Mainly using Fedora, I am accustomed that old kernel images are automatically uninstalled after a certain number of kernel images have been installed using yum. The default is to have three kernel images installed and so far this has always worked.
I am also maintaining a large number of Ubuntu VMs and every now and then we have the problem that the filesystem is full, because too many kernel images are installed. I have searched for some time but there seems to be no automatic kernel image removal in apt-get. There is one command which is often recommended which is something like:
dpkg -l 'linux-*' | sed '/^ii/!d;/'"$(uname -r | sed "s/\(.*\)-\([^0-9]\+\)/\1/")"'/d;
s/^[^ ]*[^ ]* \([^ ]*\).*/\1/;/[0-9]/!d' | xargs sudo apt-get -y purge
This works, but only if you are already running the latest kernel and therefore I have adapted it a little for our needs.
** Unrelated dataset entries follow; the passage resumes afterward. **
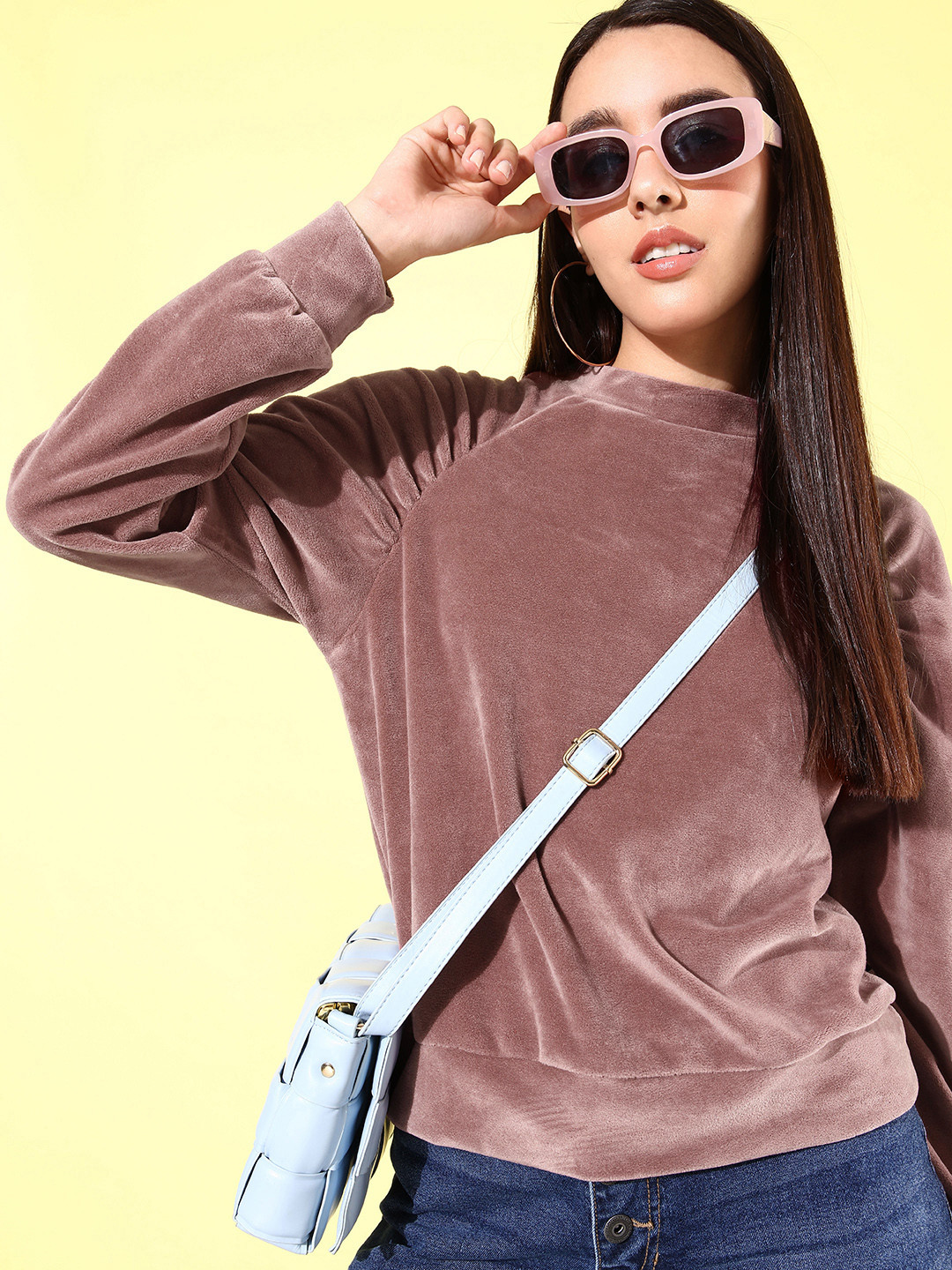 The Roadster Life Co. Ruching at the sleeves Frosty Winters-Velvet Vixen Sweatshirt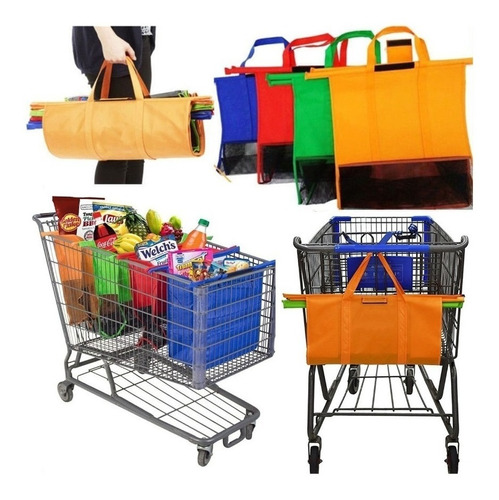 Set 4 Bolsas Organizadoras De Supermercado Reutilizables
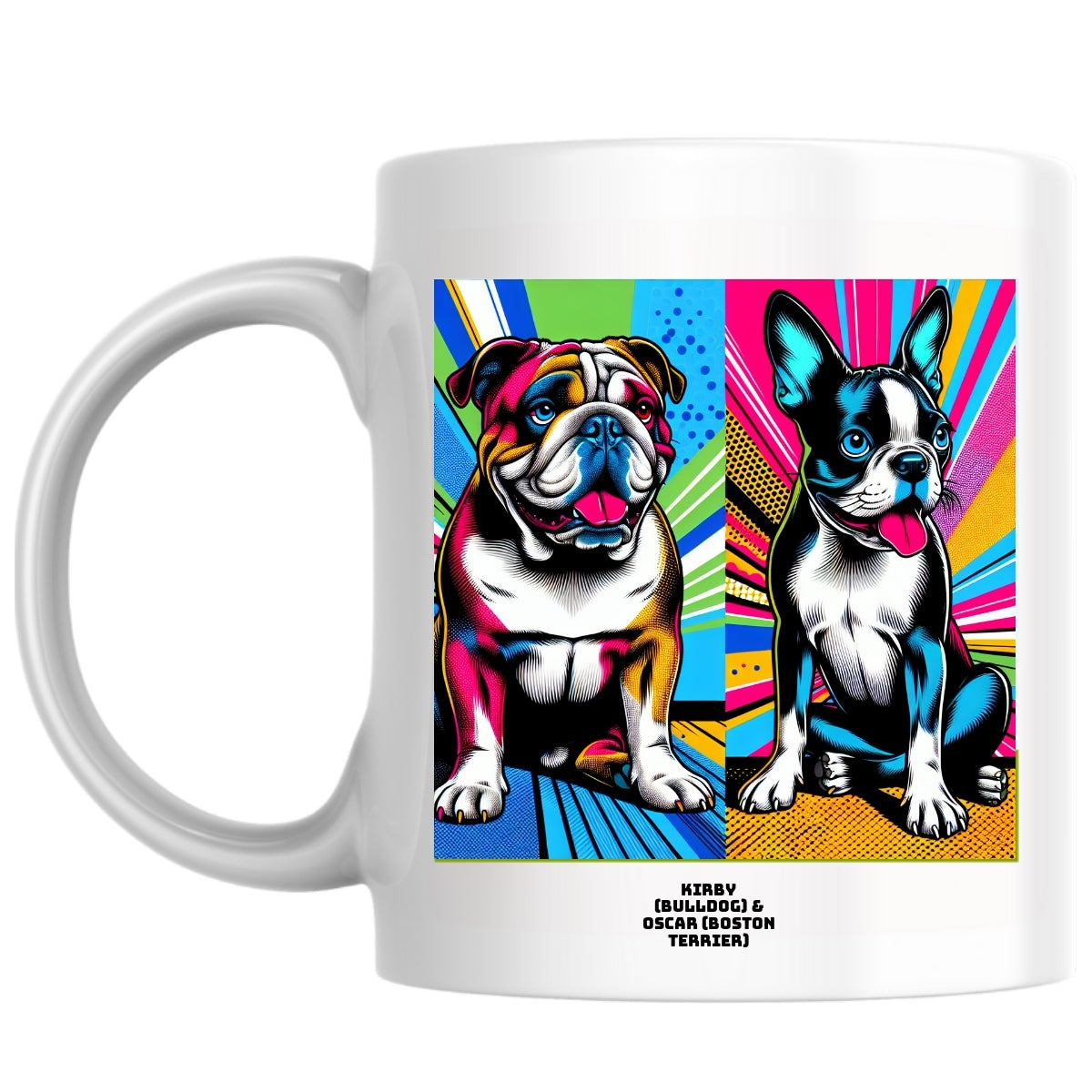 Kirby (Bulldog) & Oscar (Boston Terrier) the Magnificent: Pop Art Coffee Mug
Instead of removing all kernel images except the running kernel image I remove all kernel images except the running and the newest kernel image. No real big difference but important for our setup where we do not reboot all VMs with every kernel image update.
Running the script gives me following output
linux-image-3.2.0-23-generic linux-image-3.2.0-36-generic linux-image-3.2.0-37-generic linux-image-3.2.0-38-generic linux-image-3.2.0-39-generic linux-image-3.2.0-40-generic linux-image-3.2.0-43-generic linux-image-3.2.0-45-generic linux-image-3.2.0-48-generic linux-image-3.2.0-49-generic
The output of the script can then be easily used to remove the unnecessary kernel images with apt-get purge.
The script can be downloaded here: remove-old-kernels
And before anybody complains: I know it is not really the most elegant solution and I should have not written it using bash.